Thanks. I appreciate it.


You wrote:

(A)
I don't mind repeating myself and explaining my point of view over and over again, but are you aware that you are not letting me have the same opportunity?

I'm not following your line of reasoning here. Not only did you have the opportunity to explain your point of view, you used it.

Sorry, it is my fault. The opportunity I meant was the opportunity to read your arguments.

(B)
You are simply telling me that I am wrong, but you don't explain me why my reading of that article is a mistake. No arguments, no explanations, no examples; I believe this is not fair to me.

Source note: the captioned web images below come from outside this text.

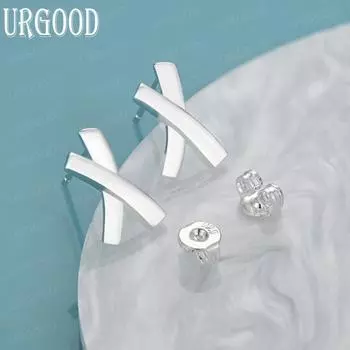 Геометрические серьги из стерлингового серебра 925 пробы, модные свадебные украшения для вечеринок 0.70*1.30cm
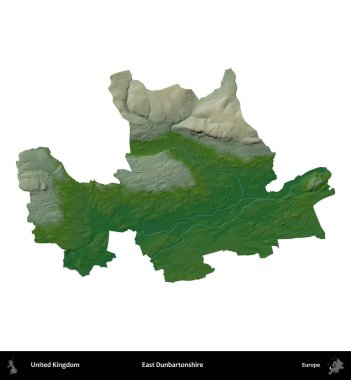 Doğu Dunbartonshire. Birleşik Krallık 'ın idari alanı renkli bir yükseklik haritasında beyaz üzerine izole edilmiş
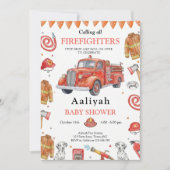 Invitation firetruck party firefighter vehicle baby shower (Devant)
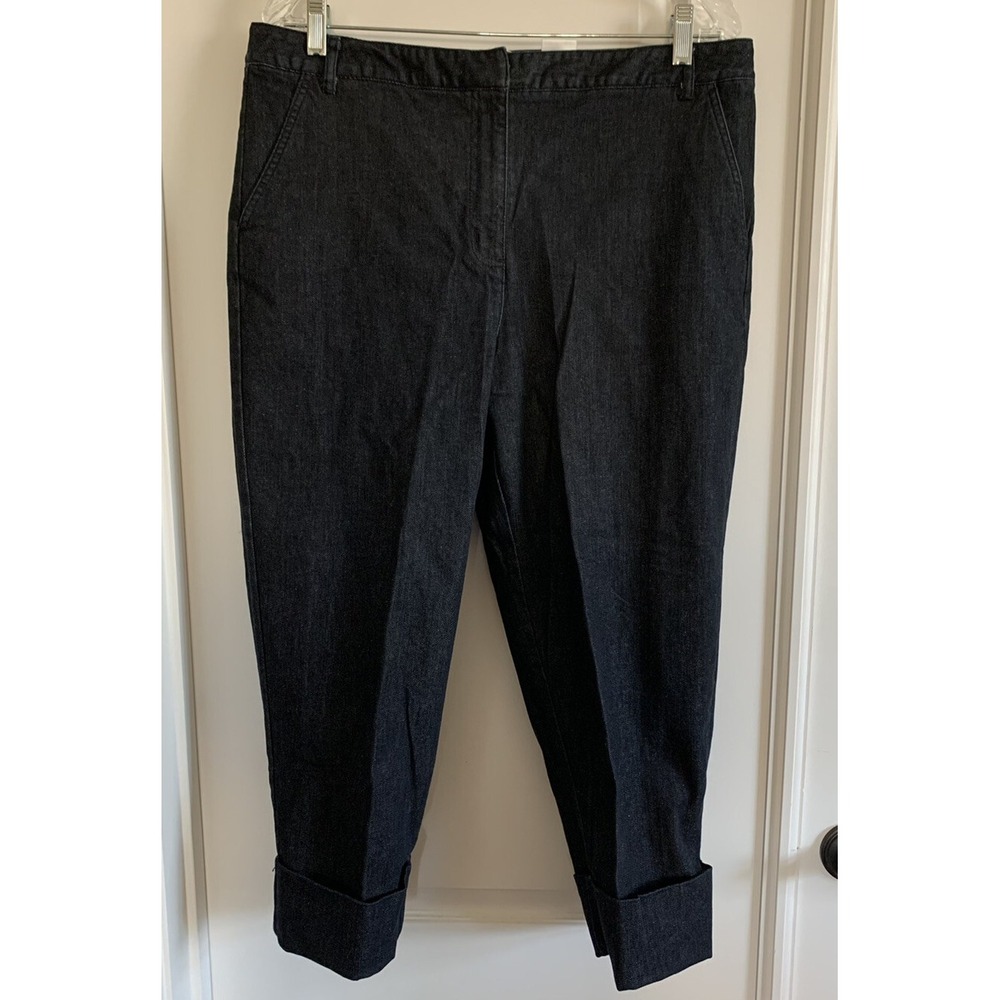Vintage Talbots Womens Size 14 Stretch Denim Blue Jean Capris Cuffed Hem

I don't think your characterization is accurate. Your original statement was:
Genocides are usually linked to complete exterminations. We fail to realize that a group can be destroyed by other means as well. Take away their language and a group will be destroyed in no time. Force them to have a different identity, there will be no group left. What happened to Armenians is just one of the ways, but not the only way.

To that I replied:
(1)
You are applying the term "destroyed" to cultural traits rather than to the physical destruction of the individuals which belong to the group. This is different from the meaning of the term "destroy" used in the 1948 UN Convention on Genocide (my emphases), where the list of prohibited acts is exclusive, not exemplary

(2)
While your observation is correct as far as it goes, the term "physical destruction" applies to the group which consists of its members; not to the cultural traits of the group
(c) Deliberately inflicting on the group conditions of life calculated to bring about its physical destruction in whole or in part;

To me, this means the physical destruction of some or all of the members of the group, and has no application to folkways, customs or cultural traits.

(3)
The term "Deliberately inflicting on the group conditions of life calculated to bring about its physical destruction physical destruction" refers to the corporeal members of the group, in whole or in part, and not to the values which they share as a group. If the term "physical destruction" is applied to cultural traits, it leaves a person of ordinary intelligence to guess what acts the section makes criminal.

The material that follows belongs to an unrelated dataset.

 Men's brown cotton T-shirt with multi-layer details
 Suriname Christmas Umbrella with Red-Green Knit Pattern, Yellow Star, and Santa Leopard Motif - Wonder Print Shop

I think these statements give arguments, explanations, and examples. Just to avoid any doubt, however, I will rephrase my argument. I think you are mistaken because your interpretation ("Take away their language and a group will be destroyed in no time. Force them to have a different identity, there will be no group left." = genocide) is not supported by the language of section (c); and because if your interpretation were used, it would be impossible to say for sure what acts section (c) was meant to prohibit.

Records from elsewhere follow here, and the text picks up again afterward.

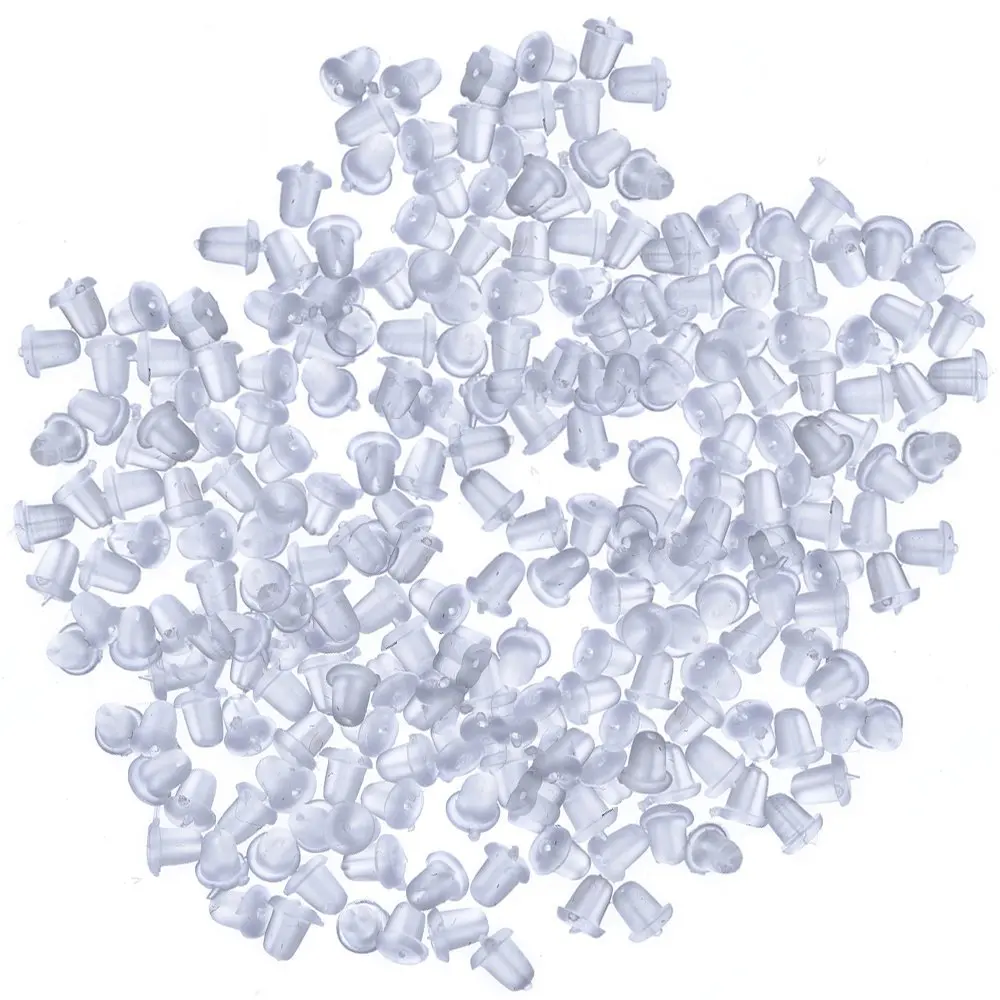 

1000 Pieces Clear Rubber Bullet Clutch Earring Safety Backs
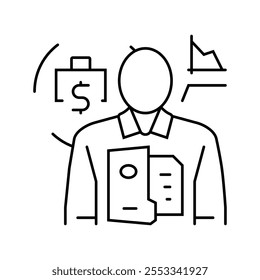 business scientist worker line icon vector. business scientist worker sign. isolated contour symbol black illustration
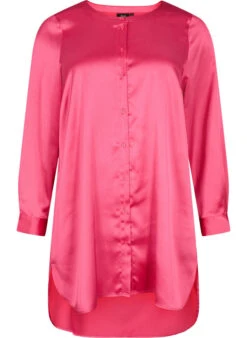 Zizzi Long Shiny Shirt With Slit -Chic Soldes M58735A 2303 Front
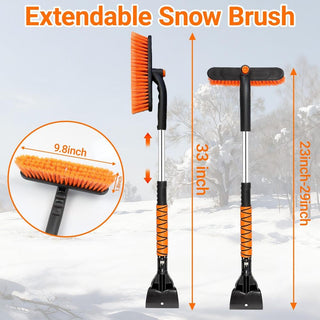 Sakerplus®  3-in-1 Extendable Snow Brush Ice Scraper
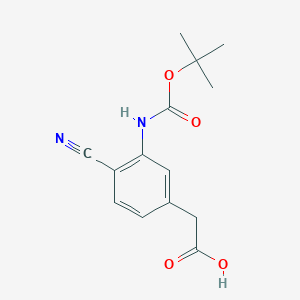 molecular formula C14H16N2O4 B2730669 2-[4-Cyano-3-[(2-methylpropan-2-yl)oxycarbonylamino]phenyl]acetic acid CAS No. 2248328-90-5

Obviously we are reading this text or this (c) section differently. It is understandable. This is what texts do. Since neither of us wrote the text, there is nothing else we can do to prove our points. However, I checked to see how this statement was translated into Turkish and it looks like it is close to the way I am reading it. Anyway, since we are not getting anywhere, I guess we will stop here.


(
C)
Also can you tell me what definition of culture are you using so that religion becomes a cultural trait?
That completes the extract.